A Simple Introduction to Natural Language Processing

By Elena Nisioti
A Simple Introduction to Natural Language Processing

The story of Natural Language Processing (NLP) starts way before Siri uttered its first words. Its roots can be traced back to the early realization that giving computers the ability to understand natural language, a task that a 2-year old can solve, is actually tougher than it sounds.

Whereas Artificial Intelligence (AI) represents our attempt to make computers think like us, NLP expresses our attempt to make them communicate with us. Until now, humans had adopted the reverse approach of learning specialized programming languages to interact with a computer.

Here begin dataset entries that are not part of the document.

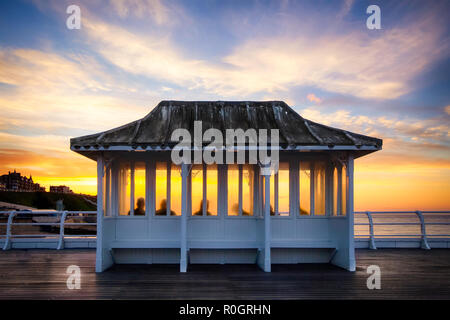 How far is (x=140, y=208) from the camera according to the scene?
29.0 ft

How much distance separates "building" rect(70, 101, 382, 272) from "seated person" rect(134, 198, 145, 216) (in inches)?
1.0

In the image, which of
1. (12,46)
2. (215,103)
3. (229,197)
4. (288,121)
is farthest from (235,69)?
(12,46)

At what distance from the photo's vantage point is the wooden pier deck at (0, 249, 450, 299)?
5.92 meters

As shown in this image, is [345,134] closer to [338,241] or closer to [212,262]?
[338,241]

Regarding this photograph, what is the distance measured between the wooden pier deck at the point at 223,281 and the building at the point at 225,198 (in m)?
0.48

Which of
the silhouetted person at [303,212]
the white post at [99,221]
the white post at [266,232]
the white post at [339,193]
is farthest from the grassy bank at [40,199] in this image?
the white post at [339,193]

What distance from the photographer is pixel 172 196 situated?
888 cm

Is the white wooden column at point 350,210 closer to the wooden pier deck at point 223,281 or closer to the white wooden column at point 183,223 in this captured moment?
the wooden pier deck at point 223,281

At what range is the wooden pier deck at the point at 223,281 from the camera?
5.92m

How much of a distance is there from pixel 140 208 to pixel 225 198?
221 cm

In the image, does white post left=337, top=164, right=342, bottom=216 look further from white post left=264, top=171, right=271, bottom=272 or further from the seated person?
the seated person

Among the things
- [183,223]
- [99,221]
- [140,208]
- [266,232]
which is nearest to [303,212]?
[266,232]

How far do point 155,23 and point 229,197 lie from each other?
664cm

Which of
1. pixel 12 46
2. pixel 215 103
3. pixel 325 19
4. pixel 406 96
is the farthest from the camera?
pixel 406 96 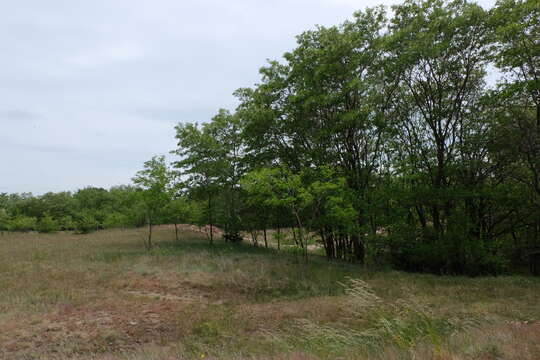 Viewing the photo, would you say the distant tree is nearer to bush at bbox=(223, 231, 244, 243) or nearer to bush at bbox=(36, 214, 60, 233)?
bush at bbox=(223, 231, 244, 243)

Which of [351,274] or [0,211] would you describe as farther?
[0,211]

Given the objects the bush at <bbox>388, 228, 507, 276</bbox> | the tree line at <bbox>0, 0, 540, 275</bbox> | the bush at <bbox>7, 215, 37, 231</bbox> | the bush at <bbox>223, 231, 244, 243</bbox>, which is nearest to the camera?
the tree line at <bbox>0, 0, 540, 275</bbox>

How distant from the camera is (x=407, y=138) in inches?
800

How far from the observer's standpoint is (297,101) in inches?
711

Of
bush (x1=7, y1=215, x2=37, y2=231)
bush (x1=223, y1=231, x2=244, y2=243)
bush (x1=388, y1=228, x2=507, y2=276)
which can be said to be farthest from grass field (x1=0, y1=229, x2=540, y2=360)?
bush (x1=7, y1=215, x2=37, y2=231)

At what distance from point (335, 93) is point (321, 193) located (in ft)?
20.0

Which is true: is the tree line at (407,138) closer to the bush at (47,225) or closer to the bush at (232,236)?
the bush at (232,236)

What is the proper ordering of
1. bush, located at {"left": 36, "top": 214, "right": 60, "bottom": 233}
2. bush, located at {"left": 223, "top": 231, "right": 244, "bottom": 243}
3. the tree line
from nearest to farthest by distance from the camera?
the tree line
bush, located at {"left": 223, "top": 231, "right": 244, "bottom": 243}
bush, located at {"left": 36, "top": 214, "right": 60, "bottom": 233}

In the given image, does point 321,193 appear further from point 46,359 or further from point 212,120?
point 212,120

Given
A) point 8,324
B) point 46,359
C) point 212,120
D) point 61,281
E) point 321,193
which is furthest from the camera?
point 212,120

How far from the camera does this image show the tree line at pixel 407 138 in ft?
47.7

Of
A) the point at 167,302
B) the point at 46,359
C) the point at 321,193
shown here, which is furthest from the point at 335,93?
the point at 46,359

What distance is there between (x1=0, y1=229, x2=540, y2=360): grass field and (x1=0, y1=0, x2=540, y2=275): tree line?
10.4 ft

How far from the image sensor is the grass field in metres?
4.77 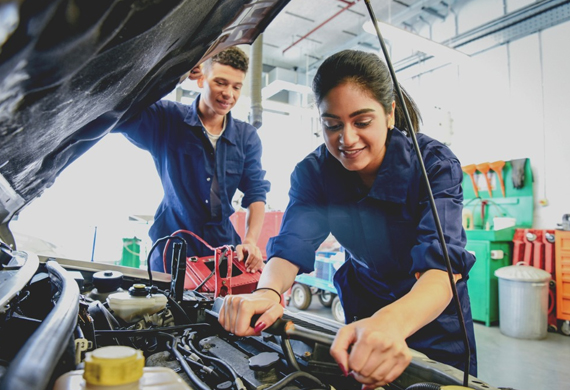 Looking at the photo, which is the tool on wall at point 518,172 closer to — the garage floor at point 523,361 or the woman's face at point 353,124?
the garage floor at point 523,361

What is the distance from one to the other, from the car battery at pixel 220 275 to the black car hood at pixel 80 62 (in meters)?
0.59

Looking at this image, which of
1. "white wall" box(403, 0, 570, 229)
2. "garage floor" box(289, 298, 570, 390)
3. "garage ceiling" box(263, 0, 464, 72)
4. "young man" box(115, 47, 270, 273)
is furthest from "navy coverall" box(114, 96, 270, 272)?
"white wall" box(403, 0, 570, 229)

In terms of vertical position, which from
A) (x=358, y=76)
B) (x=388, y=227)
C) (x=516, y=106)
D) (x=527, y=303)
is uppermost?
(x=516, y=106)

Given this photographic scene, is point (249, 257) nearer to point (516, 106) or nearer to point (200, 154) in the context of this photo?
point (200, 154)

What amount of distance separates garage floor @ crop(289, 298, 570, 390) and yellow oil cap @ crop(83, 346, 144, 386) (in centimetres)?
275

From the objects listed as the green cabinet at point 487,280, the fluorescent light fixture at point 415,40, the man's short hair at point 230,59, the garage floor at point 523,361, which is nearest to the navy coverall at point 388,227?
the man's short hair at point 230,59

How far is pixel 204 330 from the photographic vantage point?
3.11 ft

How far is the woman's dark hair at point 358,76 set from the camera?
95cm

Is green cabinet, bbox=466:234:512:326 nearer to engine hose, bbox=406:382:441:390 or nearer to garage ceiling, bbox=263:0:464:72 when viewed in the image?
garage ceiling, bbox=263:0:464:72

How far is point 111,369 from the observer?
38 cm

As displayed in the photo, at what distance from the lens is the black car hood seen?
455 mm

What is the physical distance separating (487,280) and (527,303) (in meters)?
0.48

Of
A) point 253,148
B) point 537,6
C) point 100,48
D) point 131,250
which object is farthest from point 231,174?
point 537,6

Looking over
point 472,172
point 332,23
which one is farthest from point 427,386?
point 332,23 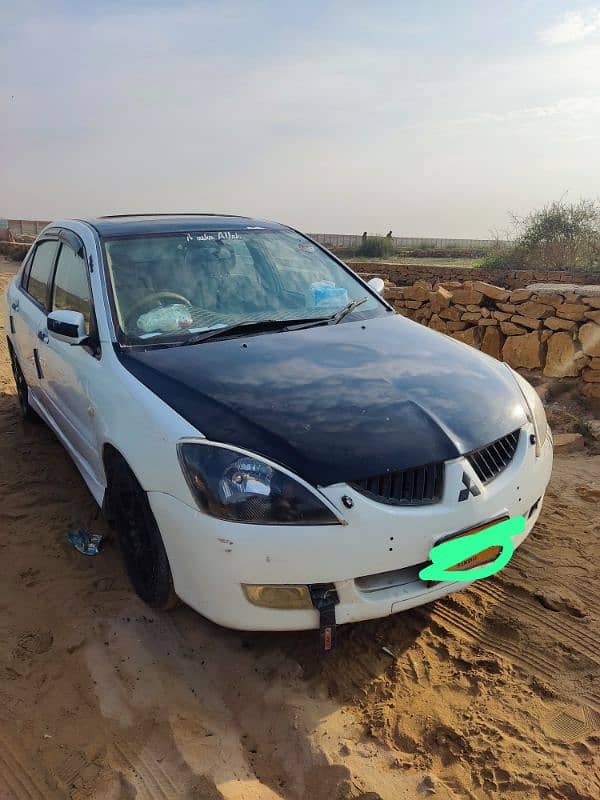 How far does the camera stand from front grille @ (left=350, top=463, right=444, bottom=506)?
2.21 m

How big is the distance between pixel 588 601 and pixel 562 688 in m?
0.64

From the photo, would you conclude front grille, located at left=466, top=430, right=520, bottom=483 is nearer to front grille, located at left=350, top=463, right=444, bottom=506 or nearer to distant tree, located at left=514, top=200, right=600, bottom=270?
front grille, located at left=350, top=463, right=444, bottom=506

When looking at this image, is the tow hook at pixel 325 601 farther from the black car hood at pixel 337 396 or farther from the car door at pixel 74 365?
the car door at pixel 74 365

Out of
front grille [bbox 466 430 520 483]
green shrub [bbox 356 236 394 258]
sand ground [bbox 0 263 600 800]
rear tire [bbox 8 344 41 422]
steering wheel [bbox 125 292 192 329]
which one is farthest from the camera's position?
green shrub [bbox 356 236 394 258]

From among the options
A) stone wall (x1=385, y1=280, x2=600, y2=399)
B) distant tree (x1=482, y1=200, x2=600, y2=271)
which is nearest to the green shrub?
distant tree (x1=482, y1=200, x2=600, y2=271)

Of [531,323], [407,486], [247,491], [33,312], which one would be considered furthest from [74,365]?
[531,323]

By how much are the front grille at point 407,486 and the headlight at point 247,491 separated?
0.17 m

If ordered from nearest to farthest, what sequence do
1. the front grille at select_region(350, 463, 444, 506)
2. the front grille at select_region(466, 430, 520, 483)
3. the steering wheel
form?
the front grille at select_region(350, 463, 444, 506) → the front grille at select_region(466, 430, 520, 483) → the steering wheel

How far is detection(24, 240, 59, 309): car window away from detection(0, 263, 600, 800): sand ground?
6.37 ft

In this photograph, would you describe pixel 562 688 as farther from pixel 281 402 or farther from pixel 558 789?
pixel 281 402

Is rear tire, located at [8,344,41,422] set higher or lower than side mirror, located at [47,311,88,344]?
lower

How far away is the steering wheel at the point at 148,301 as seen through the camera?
315 cm

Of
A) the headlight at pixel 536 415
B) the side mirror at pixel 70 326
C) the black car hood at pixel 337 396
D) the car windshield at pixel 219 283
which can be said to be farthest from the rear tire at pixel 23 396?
the headlight at pixel 536 415

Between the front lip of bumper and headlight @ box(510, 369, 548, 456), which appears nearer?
the front lip of bumper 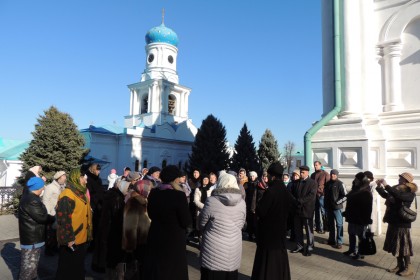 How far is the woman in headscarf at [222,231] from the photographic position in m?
3.74

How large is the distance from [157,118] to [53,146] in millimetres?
20569

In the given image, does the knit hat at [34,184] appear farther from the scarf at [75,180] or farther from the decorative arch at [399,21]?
the decorative arch at [399,21]

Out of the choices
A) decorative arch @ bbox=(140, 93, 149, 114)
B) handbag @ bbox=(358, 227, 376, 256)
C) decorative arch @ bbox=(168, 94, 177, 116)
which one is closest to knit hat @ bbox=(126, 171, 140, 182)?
handbag @ bbox=(358, 227, 376, 256)

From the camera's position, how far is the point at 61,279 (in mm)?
4320

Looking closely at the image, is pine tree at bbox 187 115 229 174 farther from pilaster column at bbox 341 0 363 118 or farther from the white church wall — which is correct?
the white church wall

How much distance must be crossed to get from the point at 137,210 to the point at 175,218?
31.0 inches

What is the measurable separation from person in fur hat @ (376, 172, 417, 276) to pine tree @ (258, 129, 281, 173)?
102 ft

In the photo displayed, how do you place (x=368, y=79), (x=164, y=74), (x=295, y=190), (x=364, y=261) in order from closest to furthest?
(x=364, y=261) < (x=295, y=190) < (x=368, y=79) < (x=164, y=74)

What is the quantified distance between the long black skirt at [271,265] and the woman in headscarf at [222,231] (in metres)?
0.43

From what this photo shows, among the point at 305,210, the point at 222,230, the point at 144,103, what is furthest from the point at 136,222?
the point at 144,103

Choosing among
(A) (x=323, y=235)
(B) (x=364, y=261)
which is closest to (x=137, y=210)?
(B) (x=364, y=261)

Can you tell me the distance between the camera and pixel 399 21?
9.05 m

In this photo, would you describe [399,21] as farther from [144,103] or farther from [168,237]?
[144,103]

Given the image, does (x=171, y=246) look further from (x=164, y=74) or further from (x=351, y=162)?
(x=164, y=74) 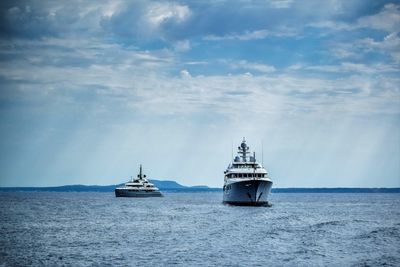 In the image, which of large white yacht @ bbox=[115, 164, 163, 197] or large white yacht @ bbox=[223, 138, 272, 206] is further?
large white yacht @ bbox=[115, 164, 163, 197]

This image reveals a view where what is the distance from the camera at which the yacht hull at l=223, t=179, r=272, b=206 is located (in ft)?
319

Recent successes of NLP prove that human-machine communication has entered a new era, where intelligent algorithms can take advantage of the richness of our languages.

“The limits of my language means the limits of my world.”

― Ludwig Wittgenstein

What is NLP used for?

Asking oneself how Natural Language Processing can be used by a computer is similar to asking: how can language be used by a human? There is no limit to NLP applications and it is the burden of the NLP practitioner to analyze their needs and how NLP can address them.

Arguably the greatest potential of NLP lies in its ability to equip AI with semantics. For instance, Sentiment Analysis is the process of reading between-the-lines of an opinionated text in order to understand a person’s emotional state. It is particularly useful for identifying public opinion in social media in order to recognize consumers’ needs and improve marketing policies.

Topic segmentation is another example, where a text is segmented and topics within it are identified. This technique is often combined with Big Data analysis and can be very useful in problems where social trends must be recognized, such as market analysis or interpreting political currents.

But how are these applications leveraged in today’s market?

Natural Language Processing with Virtual Assistants

Virtual Assistants (VAs) are probably the most representative example of how deep NLP has entered into our lives. Popular commercial products, such as Siri, alexa, and Google Assistant, as well as academic-originated ones, such as LOLITA, are a few examples of VAs, and chances are you already have “discussed” with one of them.

Although there are various reasons why people prefer one assistant over another, these products exhibit a striking similarity. They all belong to large companies. An NLP system requires a lot of data for improving its learning algorithms and, not surprisingly, behemoths like Amazon and Google have an abundance of them. The reason why penetrating this market as a newcomer is difficult is the success cycle: when a VA is good at its job, users are more motivated to converse with it, providing it, thus, with more data and contributing to an ever-improving balance of quality and satisfaction.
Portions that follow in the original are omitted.